His manager's arm around his neck and the match ball in his hand after his second hat-trick in four matches, Leigh Griffiths left the Tannadice pitch knowing he had edged Celtic ever closer to a successful defence of their Premiership title yesterday.

As against Kilmarnock 11 days earlier the striker's intervention both tellingly contributed to and reflected a transformed performance by his team in the second half of a match they had struggled before the interval to impose themselves upon.

"If you'd asked me at the turn of the year if I was going to be our top goal-scorer with five games to go I would have laughed at you, but it shows how hard I've worked and I've changed the manager's mind about me as a player. I'm reaping the reward now and so's he," said Griffiths.

Both looked delighted and Ronny Deila who, after that previous hat-trick, praised the player's response to having been told what is expected of him, went further this time in indicating that he may even be the man to lead the line when Celtic return to European action early next season.

"I'm not afraid of that," he said.

"He's shown that he can score goals and if he can just continue working hard he'll score goals in Europe as well."

Given the relative ease with which Celtic had been brushing United aside by the time they got towards the end of their epic sequence of four successive encounters which filled their March schedules, however, yesterday's first half had been a rather different matter.

Such was the balance of play it was tempting at half-time to ponder what might have been had Jackie McNamara, United's manager, decided when Stuart Armstrong and Gary Mackay-Steven were sold to Celtic in January, to trust the next generation a bit sooner.

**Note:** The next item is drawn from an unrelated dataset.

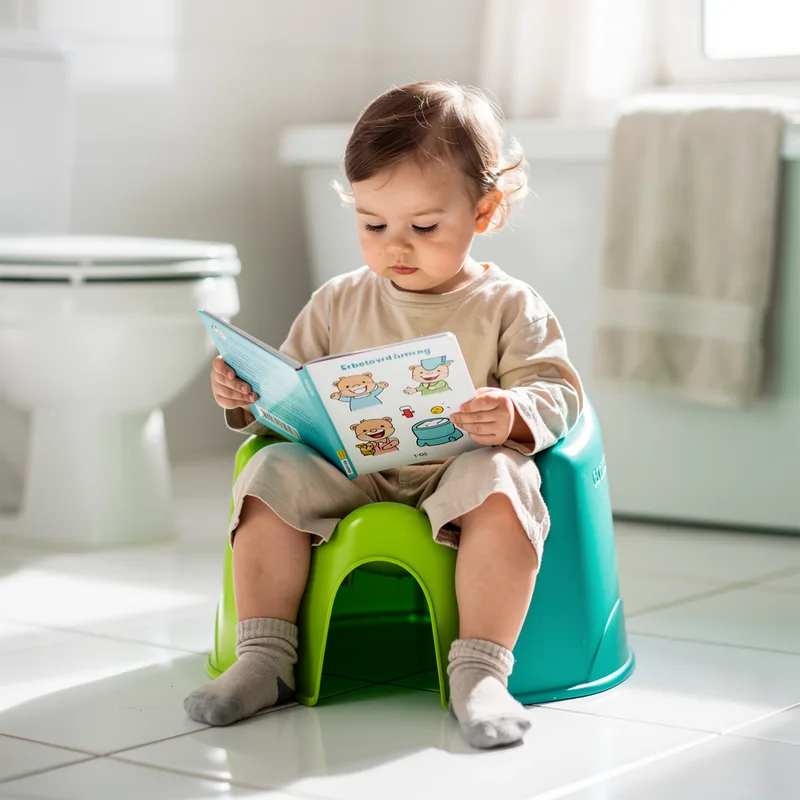 potty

Introducing Robbie Muirhead and Blair Spittal up meant there were four teenagers in United's starting line-up, representing something of a different approach to the safer looking options he took last month when understandably seeking to consolidate after his team's form deserted them in the wake of those sales.

The vitality of yesterday's first half performance, Spittal, Muirhead and their fellow teenagers Charlie Telfer and John Souttar all performing well, consequently invited consideration of whether it might have been better to see those departures as a chance to inject fresh blood rather than relying on players whose greater worldliness might make them more aware of the implications of losing such talent so soon after Ryan Gauld and Andrew Robertson had also left them.

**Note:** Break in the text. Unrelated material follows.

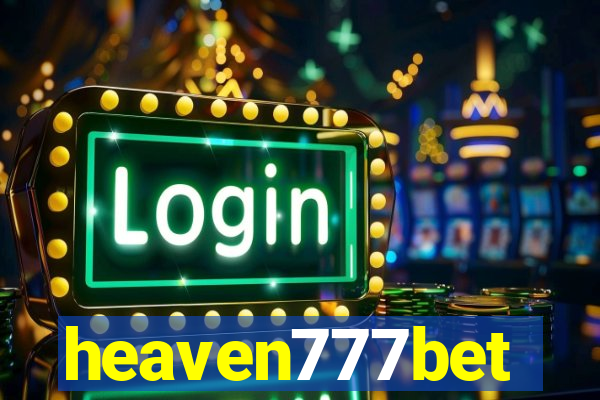 heaven777bet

That said United's youngsters got a lesson in the importance of remaining focused in the way Celtic, invigorated by half-time discourse, came at them immediately after the break.

Given too much time on the ball in and around the penalty area Scott Brown and Stefan Johansen seized the chance to craft the room for the latter to slide the ball into the path of Griffiths, 12 yards out on the right and the ferocity of his right-footed shot gave Rado Cierzniak no chance.

"First half I thought we were very good, but to concede so quickly after the re-start was disappointing," Jackie McNamara, United's manager, observed.

"It settled Celtic down. You could see them growing in confidence and we went the opposite way. We got deeper and were a bit more nervous on the ball. We stopped doing the things we were good at in the first half with our shape and discipline."

"We had four teenagers starting today and in the first half they went toe to toe with them. We have to learn about concentration. There were some good things but we have to be a wee bit stronger."

From that point it was a different game.

Craig Gordon, Celtic's goal-keeper, having pulled off the best save of the first half in reacting gymnastically to a snap-shot by Muirhead from 25 yards out, Cierzniak demonstrated his ability with fine saves from a Kris Commons diving header, earning instant plaudits from his opponent and a powerful Johansen shot.

The second duly came though when, straining to beat Virgil Van Dijk to a corner sent in from the right, Callum Morris almost registered an own goal, his luck running out as the ball rebounded to Griffiths who poked it towards the line, which it crossed first time, albeit after Cierzniak pushed it out, he knocked it in a second time for good measure.

Then came the penalty decision that could not have been more ironic had Ian Hislop and Ben Elton collaborated on the script as Celtic were wrongly awarded a penalty.

John Rankin candidly admitted to having deliberated cut former team-mate Mackay-Steven down with a nasty looking challenge, his studs clattering heavily into the back of the replacement's leg, but television pictures fully supported his contention that he had ensured the collision happened a couple of feet outside the box.

All the more was that Willie Collum, the match referee, reacted almost like a Rolland Garros umpire leaping out of his seat to check a line call, in going down on his haunches to examine what he thought was the point of contact, before apparently explaining to Rankin he had "been told" it was inside the box, leaving the midfielder to conclude that an assistant referee made the call.

Either way Griffiths seized the chance to persuade Commons, Celtic's regular penalty taker, to let him take the kick and duly sent Cierzniak the wrong way in firing it left-footed to the goal-keeper's left to round off his hat-trick and the win.